All five are winners of the new RAEng Engineers Trust Young Engineer of the Year competition, which was supported by the Worshipful Company of Engineers. The five prizes of £3,000 are presented to early-career engineers whose achievements are recognised as outstanding.
Arup senior engineer John Collins was described as one of the youngest top suspension bridge engineers in the country; he has worked on complex projects on both the Humber Bridge and Forth Road Bridge. He graduated from Durham University and joined Arup in 2007, becoming a chartered engineer just three years after graduating.
Collins played a key role when a fracture occurred in the Forth Road Bridge, working on the repair of the truss end link as well as monitoring and interpreting instrumentation during the load tests.
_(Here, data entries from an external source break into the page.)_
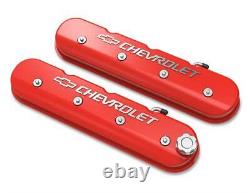 Tall LS Valve Cover with Bowtie/Chevrolet Logo Gloss Red Machined Finish 241-404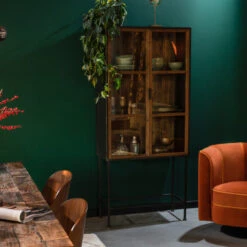 Houten Vitrinekast Industrieel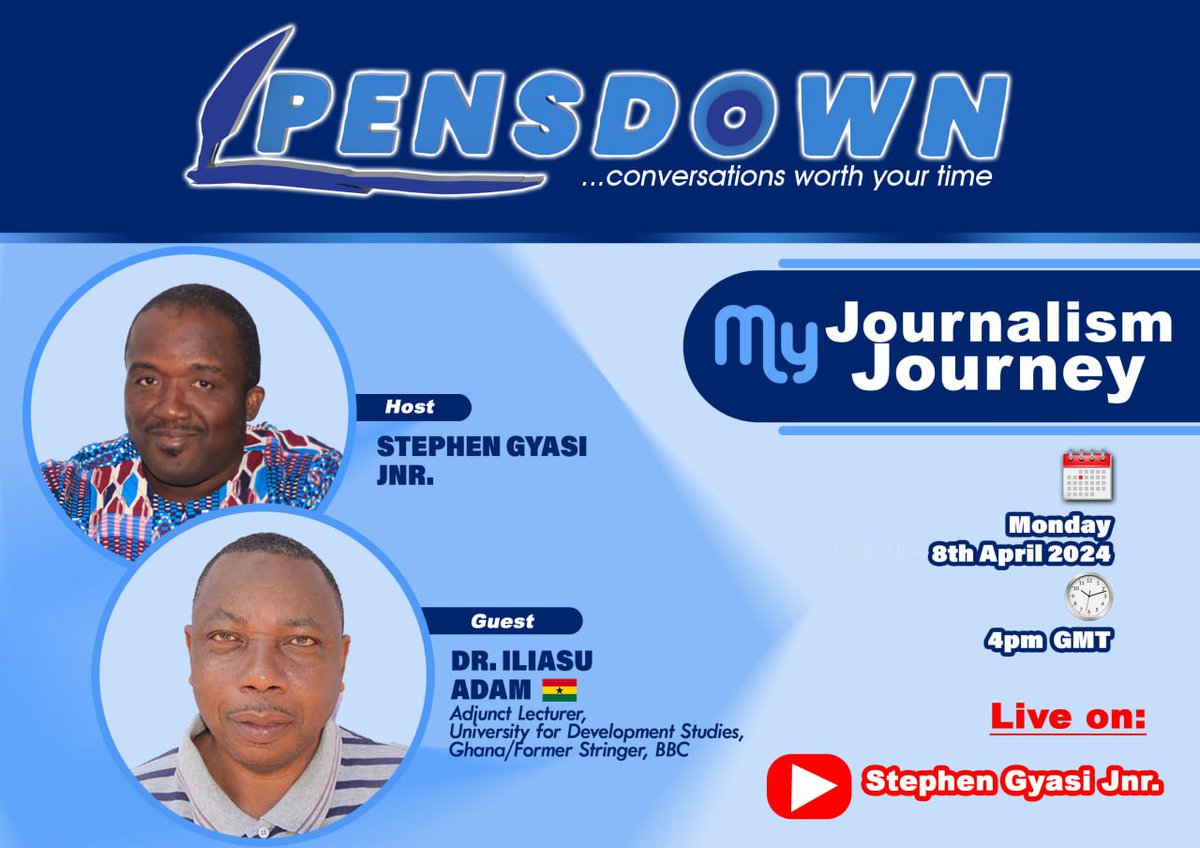 Today. 4pm GMT. Subscribe here 👇🏽👇🏽👇🏽 youtube.com/@pensdownoffic… Journalism was not the original career intention of Dr. Iliasu Adam but he spent more than a decade in the craft reporting for the Ghana News Agency and the BBC.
The bridge re-opened to traffic ahead of schedule, and he remains involved with the project.
For his work on the complex scheme to replace the main span bearings of Humber Bridge, Collins received the Institution of Engineering & Technology’s Sir Henry Royce Medal for Young Professionals in 2012. The project later won an award from the Yorkshire & Humber region of the Institution of Civil Engineers.
The overall winner of the Young Engineer of the Year awards, Dr Sithamparanathan Sabesan, received the Sir George Macfarlane Medal for his work in the area of accurate battery-free radio frequency identification (RFID) tag tracking. The other award winners have worked on what makes lithium ion batteries explode, new alloys for the nuclear industry and 3D audio systems for cars.
Awards were presented by engineer, author and broadcaster Roma Agrawal, who said: “I’m delighted to present these exciting and important awards to five engineers who are a real inspiration both to younger engineers and to students who might be considering engineering as a career. They are each pioneers in their fields, driving change and innovation and leading critical projects across the profession."